The French first established themselves in the region on the South American coastline in what is today French Guiana in 1624. A year later, they founded a colony on St. Kitts, which was shared with the British until 1713. Meanwhile, the Compagnie des Îles de l’Amérique started plantation colonies on Guadeloupe and Martinique in 1635; Saint Lucia followed in 1643, and Grenada in 1649. Dominica was settled from 1690. Guadeloupe and Martinique, along with other French Caribbean holdings like Dominica, Saint Lucia, and Grenada, were taken by the British during the Seven Years’ War. However, Guadeloupe and Martinique were ceded back to France as a result of the Treaty of Paris. Saint Lucia would also be returned at the end of the American Revolution.
By far the most valuable Caribbean colony was Saint Domingue, on the western half of the island of Hispaniola. The Spanish and French shared the island from 1664, when the French founded their claim, and 1795, when Spain gave France their half of Hispaniola due to the wars stemming from the French Revolution.
In 1791, a massive slave revolt in Saint Domingue shook French dominance. The rebels were led by Toussaint L’Ouverture, but he was captured by the French in 1801. Under Jean-Jacques Dessalines, the revolution continued, and the Republic of Haiti was declared in 1804—the world’s first Black republic. However, France was loathe to recognize their former colony as an independent state; France would only recognize Haiti in 1825.
Today, France still has several Caribbean territories under its sovereignty. These are the overseas departments of Guadeloupe, Martinique, and the overseas collectivities of Saint Martin and Saint Barthélemy.
Philippe Buache (1700-1773) was one of the most famous French geographers of the eighteenth century.
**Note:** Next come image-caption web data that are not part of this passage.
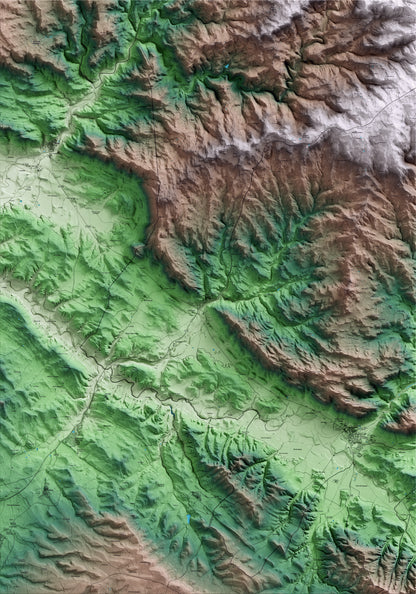 Mapa artístico del relieve de Biosca, al Solsonès, con 15 km de entorno y base topográfica ICGC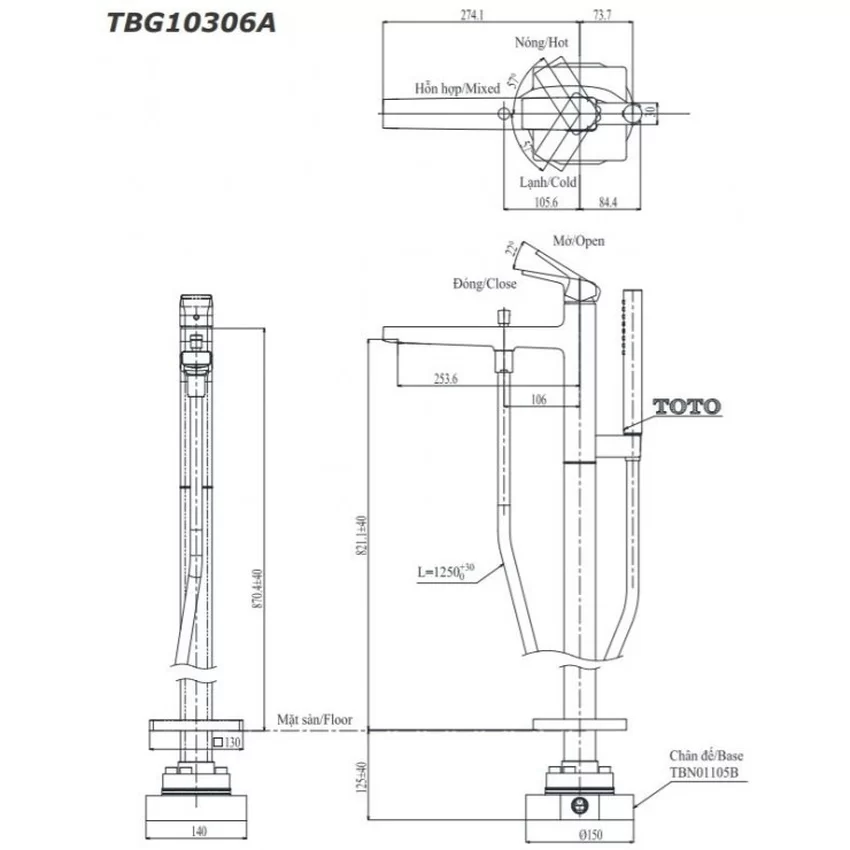 Vòi xả bồn tắm TOTO TBG10306AA đặt sàn nóng lạnh 8 Vòi xả bồn tắm TOTO TBG10306AA đặt sàn nóng lạnh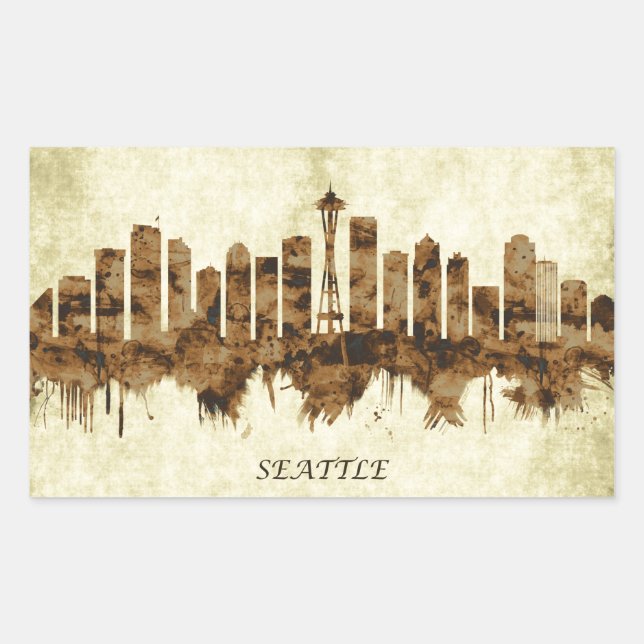 Seattle Washington Cityscape Sticker (Front)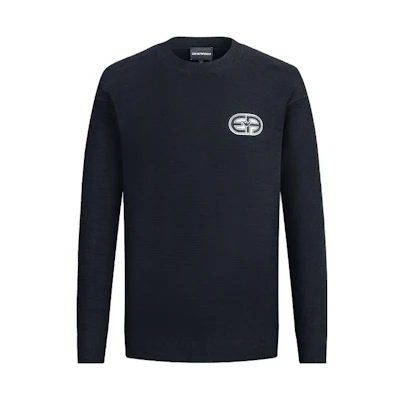 Emporio Armani Navy Blue Knit Sweater with Logo Embroidery SS23. 3R1MXQ1-MFPZ1-0920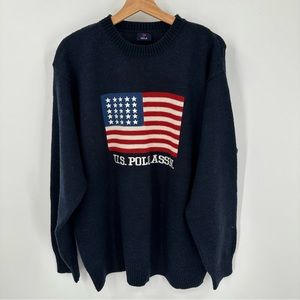 US Polo Assn Mens American USA Flag Sweater Crewneck Navy Blue Size Large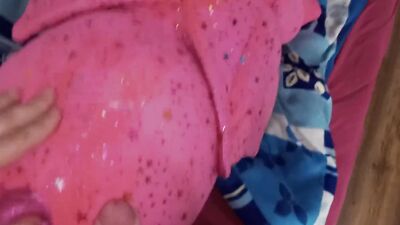 Perverted amateur chap is rubbing his willy on a pinky toy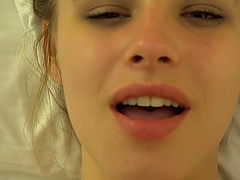 Teen Jillian's POV: Shaven pussy and perky naturals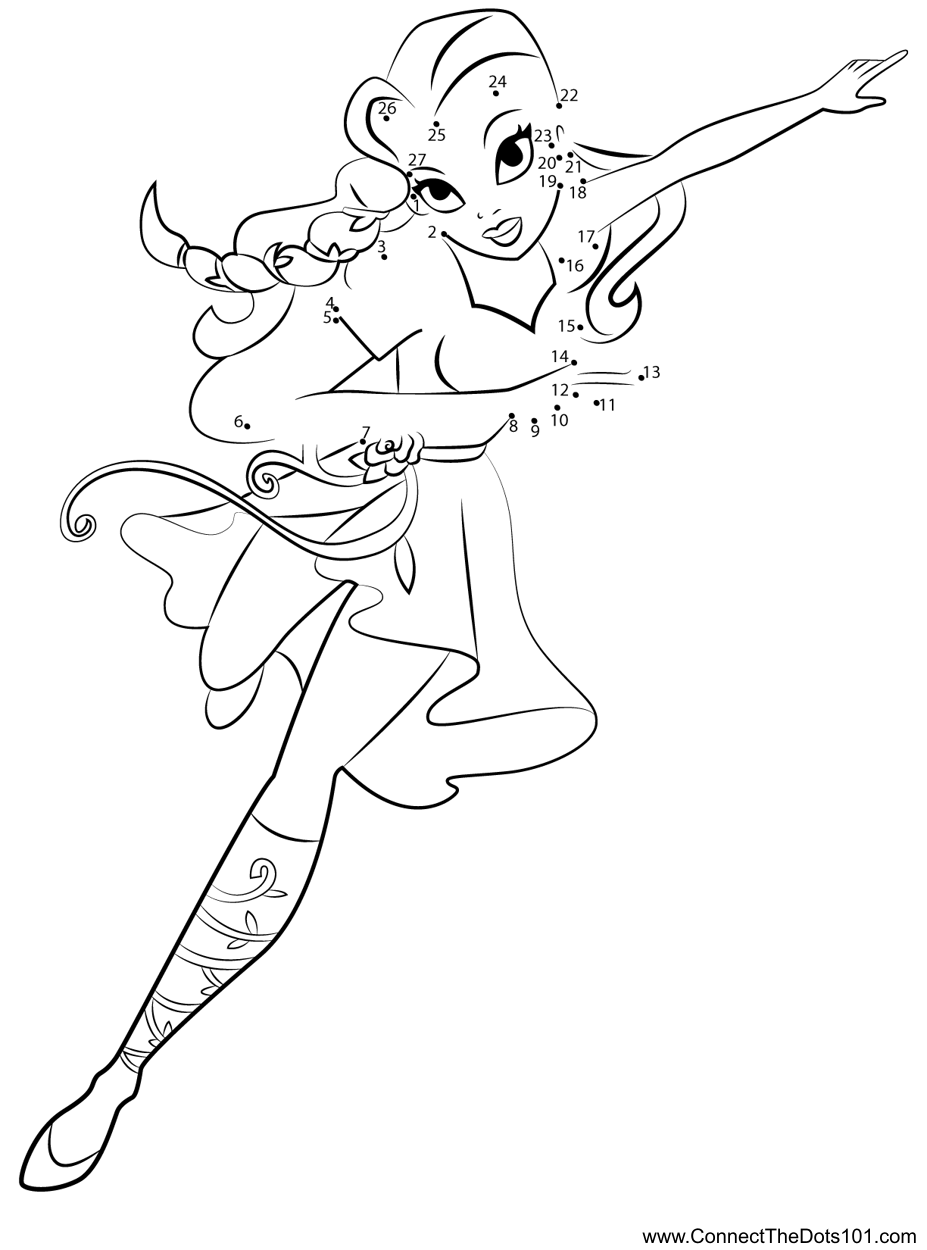 Poison ivy dc super hero girls dot to dot printable worksheet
Buache was married to the daughter of the eminent Guillaume Delisle and worked with his father-in-law, carrying on the business after Guillaume died. Buache gained the title geographe du roi in 1729 and was elected to the Academie des Sciences in the same year. Buache was a pioneering theoretical geographer, especially as regards contour lines and watersheds. He is best known for his works such as Considérations géographiques et physiques sur les découvertes nouvelles dans la grande mer (Paris, 1754).